Die Beziehungen zu Italien und seinen Persönlichkeiten blieb relativ unbedeutend. Trotz seiner Streitschriften gegen Spanien wurde Erasmus gerade dort sehr hoch geschätzt. Jedoch begann der spanische Erasmuskult nach 1530 zu erlöschen und die etwa 1540 in Spanien begonnene Reformation der alten Kirche (Gegenreformation) hatte zur Folge, dass bald alle seine Bücher auf den Index kamen und schon ihr Besitz lebensgefährlich wurde.

 

Die unsichtbare Kirche Christi

 

Nicht im Europa der Vaterländer und -Staaten (Imperien, Reiche) ist Erasmus zu Hause gewesen, sondern in der Kirche. Gerade weil er sie, die katholische, liebte, bekämpfte er sie. Für ihn gab es nur die „civitas“, deren Haupt Christus ist. Überhaupt war ihm die ''philosophia Christi“, das Leben nach den Evangelien, das Wichtigste. Einer seiner bedeutsamsten Sätze ist:

"Vielleicht ergiesst sich der Geist Christi weiter als wir meinen."

 

Eng in Zusammenhang damit steht seine Auffassung von der „unsichtbaren, praeexistenten Kirche", die verborgen in der sichtbaren lebt.
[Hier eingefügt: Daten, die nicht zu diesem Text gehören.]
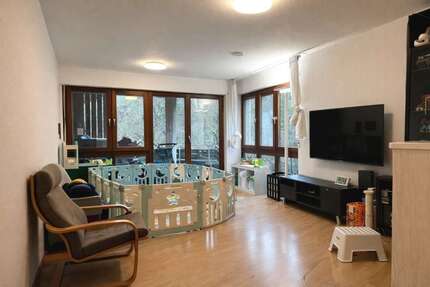 Haus Gerlingen - 3.5 Zimmer, 110 m&sup2;, 548.000&euro; | Angebot:24841513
Deshalb sah er auch die Einheit der Kirche nicht im Papsttum, sondern im „consensus gentium“.

 

Erasmus heute

 

Eine abschliessende Betrachtung widmete der Referent dem Nachleben des Erasmus und seinem Fortwirken in die Gegenwart. Dazu zählen beispielsweise die Entstehung der Toleranzidee und die Begründung des Völkerrechts im 17. Jahrhundert. Im Zeitraum von 1680-1720 legte die "Flüchtlingspublizistik" den Grund zur Freiheitsidee.

 

Für die heutige Zeit ist die erstaunliche Tatsache festzuhalten, dass die Laienwelt der spanisch- und portugiesischsprechenden Länder am meisten an Erasmus interessiert ist, was sich schon in der grossen Anzahl von Übersetzungen äussert .Auch in Osteuropa, zum Beispiel in Polen, wird Erasmus grosse Beachtung geschenkt.

 

Als die wichtigsten Punkte des Erasmischen Denkens gelten heute erstens die Idee des Friedens und der Kampf gegen den Krieg, zweitens die Verbundenheit aller Christen, die Ökumene und drittens der Erziehungsgedanke. Über allem aber steht die Wahrheit.

Der Friede in Staat, Leben und Religionssachen war Erasmus' Hauptanliegen. Seinen pädagogischen Gedanken der Liebe zum Kind, das in Freiheit erzogen sein will, hat die Gegenwart wenig Neues hinzuzufügen.

 

Erasmus' Schriften

 

Eine der grössten Leistungen des Erasmus war die Herausgabe des Neuen Testaments in griechischer Sprache, die zwar nach heutigen Massstäben flüchtig genannt werden muss. Luther benützte sie für seine Übersetzungen.

Weitaus die verbreitetste Lektüre finden heute die "Colloquia" - eine Reihe von Friedensschriften, die sich durch sein ganzes Leben hindurchzieht - und das "Lob der Torheit". Letzteres vor allem - wie Prof. Kaegi ausführte - weil die Wahrheit sich nicht immer hinter den Stirnfalten eines Theologen verbirgt, sondern oft in den Spässen eines Till Eulenspiegels.

 

Eine Anzahl von Tänzen Pierre Attaingnants, auf alten Renaissanceflöten gespielt, beschloss diese schlichte Gedenkfeier.